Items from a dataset
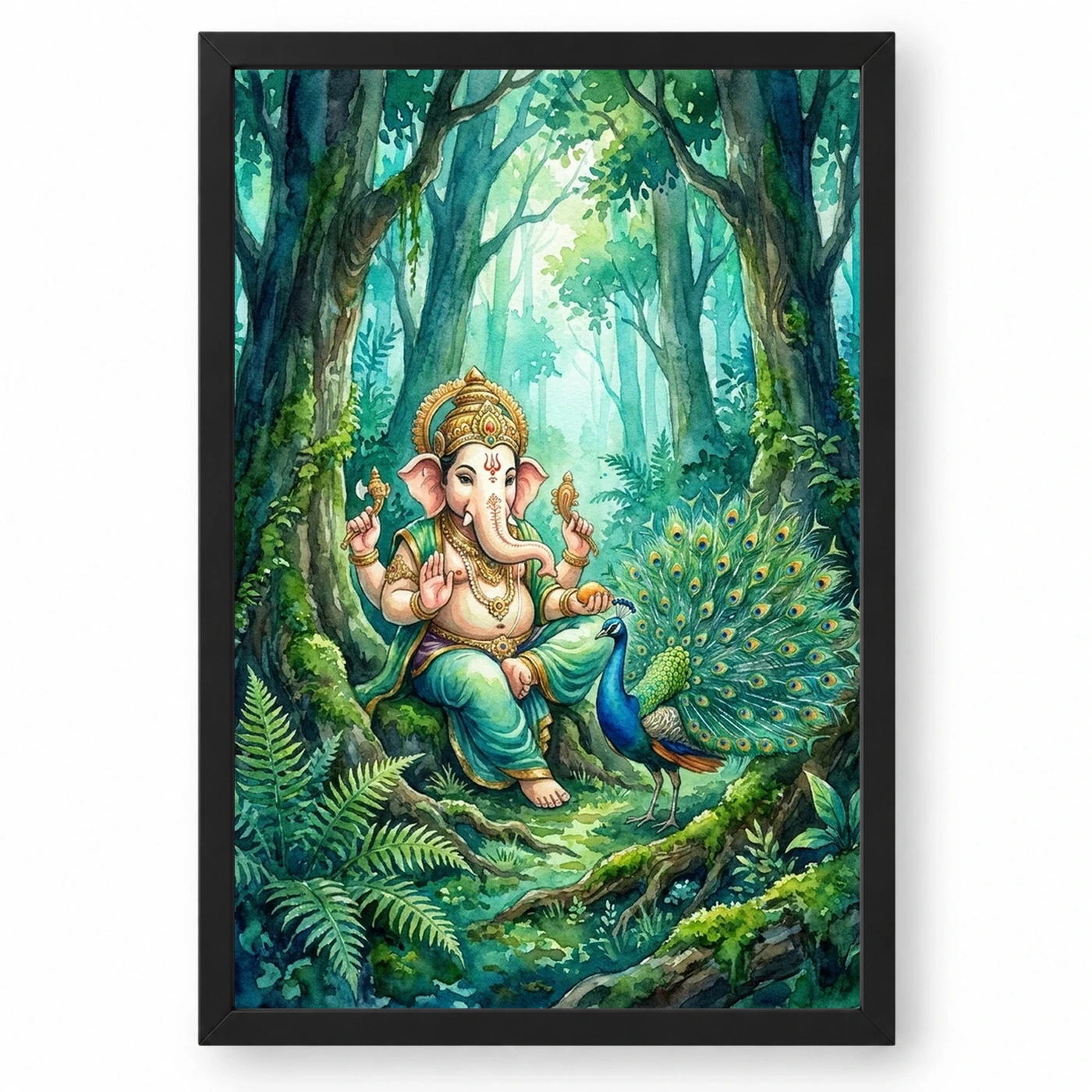 Ganesha With Peacock Forest Watercolor Vibrant Art Photo Frame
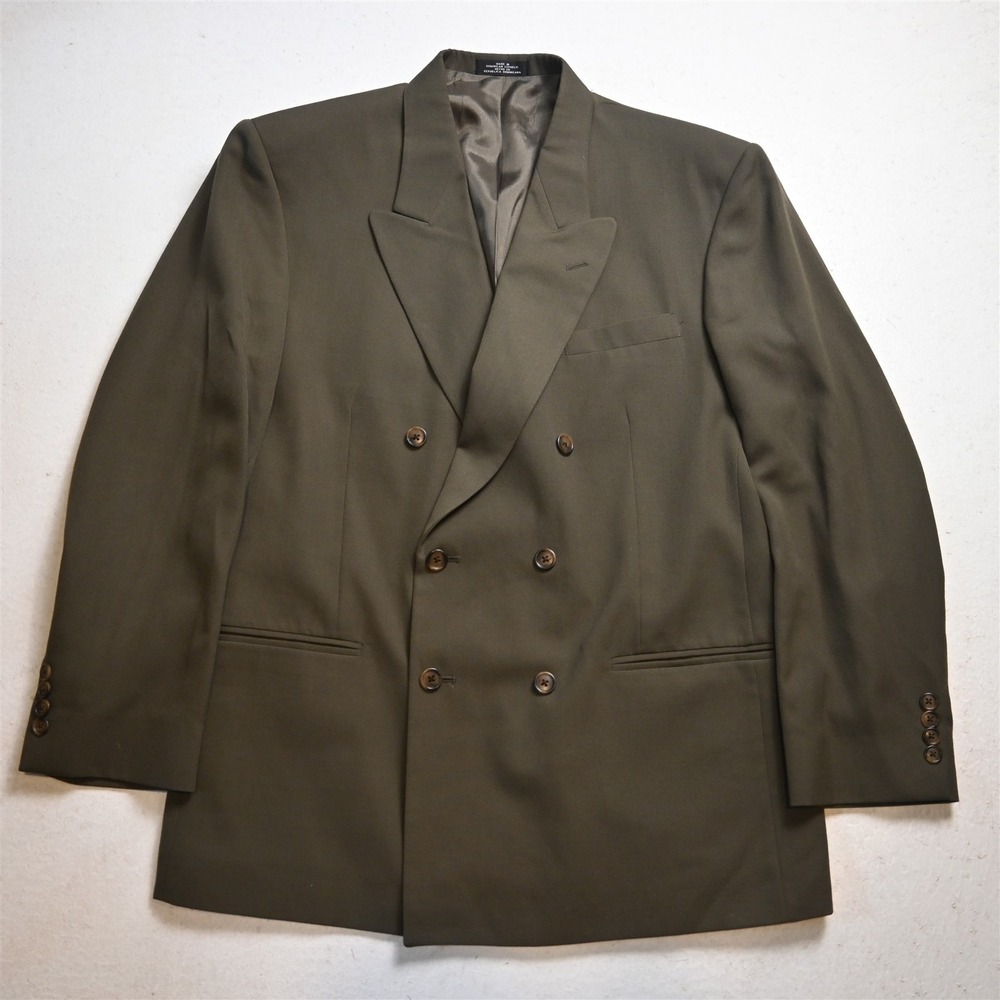 Vtg Double Breasted 40R Olive Green Brown Wool Mens Blazer Jacket Sport Coat
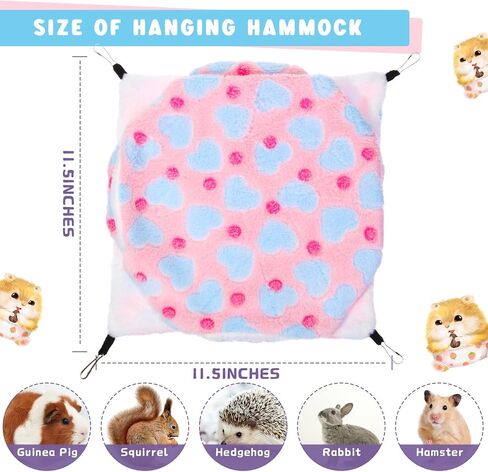Sadnyy 10 قطع خنزير غينيا الفئران أرجوحة طبقة مزدوجة سرير النوم اللعب الحيوانات الصغيرة معلقة قفص أرجوحة دافئة لقوارض شينشيلا الزواحف الشراعية السنجاب مخبأ اللعب النوم (نمط أرنب) in Kuwait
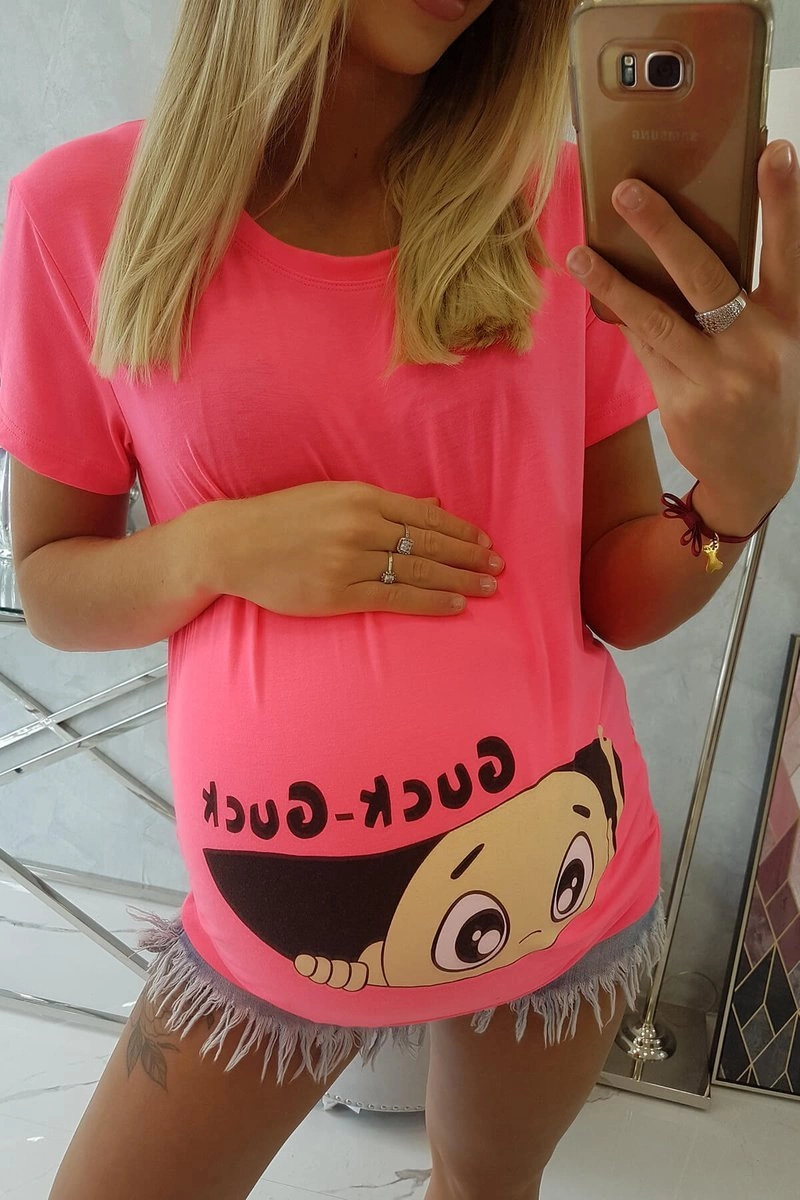 Bluzka ciążowa Guck różowy neon 4 Bluzka ciążowa Guck różowy neon - obrazek 4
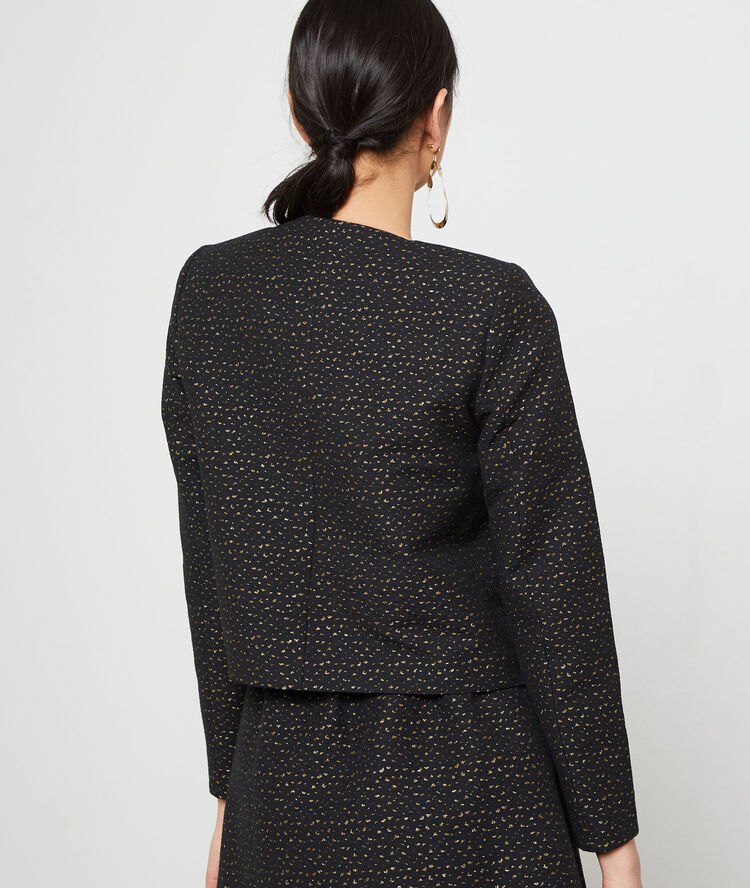 Veste à fils métallisés noir.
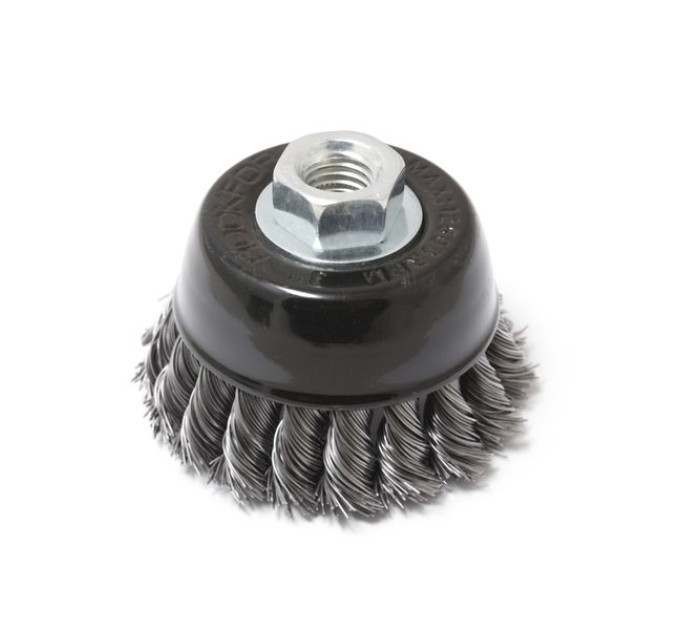 Кордщітка чашеподібна сталева кручена для КШМ 75мм RockForce RF-BWC103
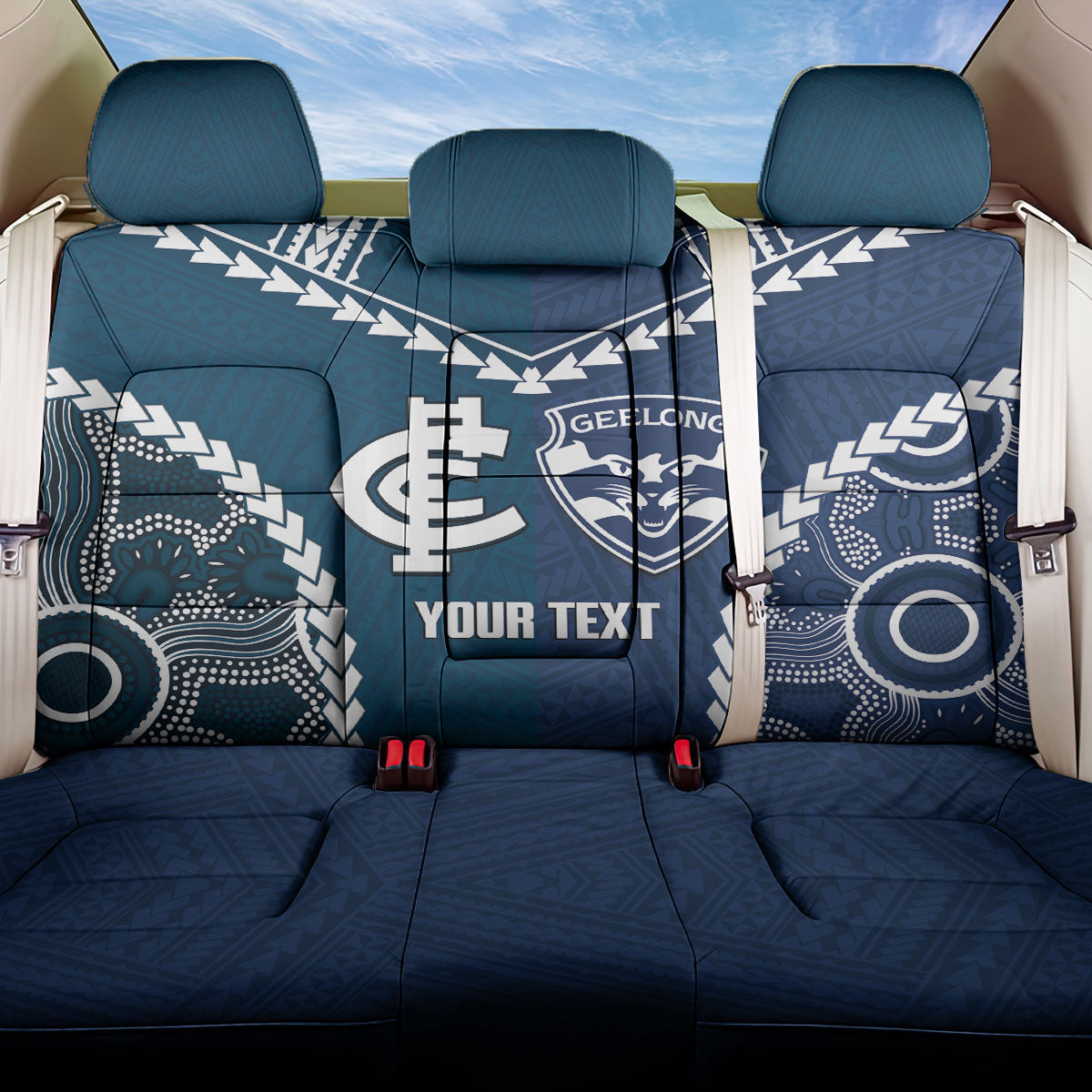 Custom Football Cats and Blues Back Car Seat Cover 2026 Together Aboriginal Polynesian Pattern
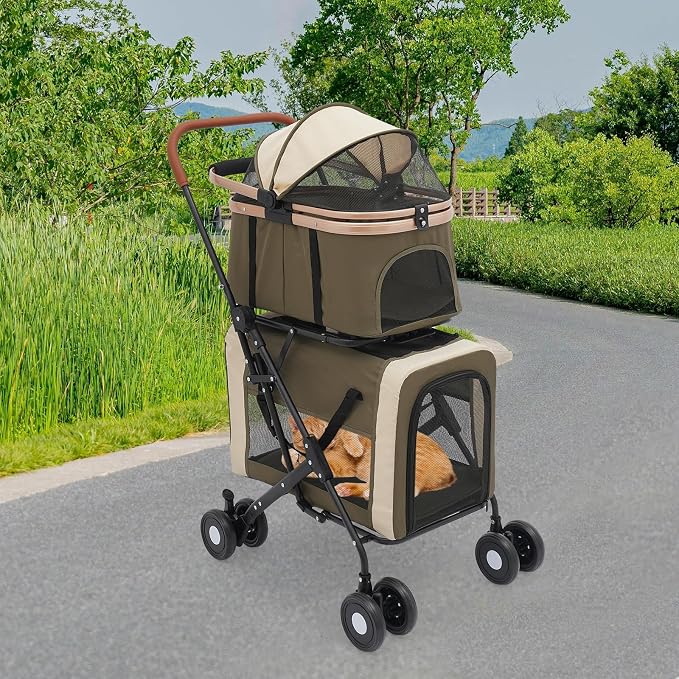 Pet Stroller for Small Medium Dogs Up to 77lbs, 2 Detachable Carriers, Folding Pet Carriage Cart for Dogs Cats, 360° Front Wheels Portable Cat Puppy Jogging Stroller with Storage Pocket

Required action: Return the data above in its exact wording, with none of the pictures.

Finished task:
 Ganesha With Peacock Forest Watercolor Vibrant Art Photo Frame
 Vtg Double Breasted 40R Olive Green Brown Wool Mens Blazer Jacket Sport Coat
Sadnyy 10 قطع خنزير غينيا الفئران أرجوحة طبقة مزدوجة سرير النوم اللعب الحيوانات الصغيرة معلقة قفص أرجوحة دافئة لقوارض شينشيلا الزواحف الشراعية السنجاب مخبأ اللعب النوم (نمط أرنب) in Kuwait
 Bluzka ciążowa Guck różowy neon 4 Bluzka ciążowa Guck różowy neon - obrazek 4
 Veste à fils métallisés noir.
 Кордщітка чашеподібна сталева кручена для КШМ 75мм RockForce RF-BWC103
 Custom Football Cats and Blues Back Car Seat Cover 2026 Together Aboriginal Polynesian Pattern
 Pet Stroller for Small Medium Dogs Up to 77lbs, 2 Detachable Carriers, Folding Pet Carriage Cart for Dogs Cats, 360° Front Wheels Portable Cat Puppy Jogging Stroller with Storage Pocket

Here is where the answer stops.